“人事の天才”天武天皇が断行した驚愕の一大リストラとは写真はイメージです Photo:PIXTA

 現代を生きる私たちの多くは、なんらかの組織に属し、組織人として生きている。そして、組織のなかで生きる以上、「人事」は無視できないだろう。それは歴史上の有名人たちも同じことだ。

『人事の日本史』(朝日新書)は、歴史学の第一人者たちである遠山美都男、関幸彦、山本博文の3氏が人事の本質を歴史上の有名人や事件に求め、「抜擢」「派閥」「左遷」「昇進」「肩書」「天下り」など多数のキーワードから歴史を読み解いたユニークな日本通史。歴史ファンだけでなく、ビジネスパーソンも身につまされるエピソードが満載の一冊だ。本書の一部を紹介しよう。

*  *  *

 白村江の敗戦からわずかに9年、我が国は未曽有の内乱を経験することになる。672年の夏に起きた壬申の乱がそれだ。
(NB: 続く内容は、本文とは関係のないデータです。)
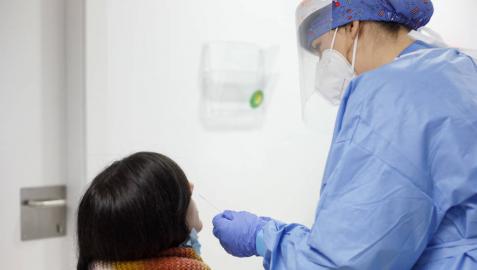 Test de antígenos realizado en el centro de salud de Ansoáin.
 この内乱は、671年12月に46歳で没した天智天皇の後継の座をめぐって発生した。天智の弟である大海人皇子が、天智のむすこ大友皇子を激戦のすえに破り、即位して天武天皇となった。

 天武の勝因は、天智が推進した急進的な改革(いわゆる大化改新)に不満をもつ中央の中小の豪族や地方の豪族たちが天武を支持したことにあると言われることが多い。天武は彼らの不平不満に耳を傾け、彼らの力を巧みに利用して内乱に勝利することができたというわけだ。

 だから天武は、即位すると一人の大臣も置かずに政治を独裁したとされる。これは、大臣をはじめとする「まえつきみ」として国政に関与してきた中央の大豪族たちにとって、大きな打撃になったというのだ。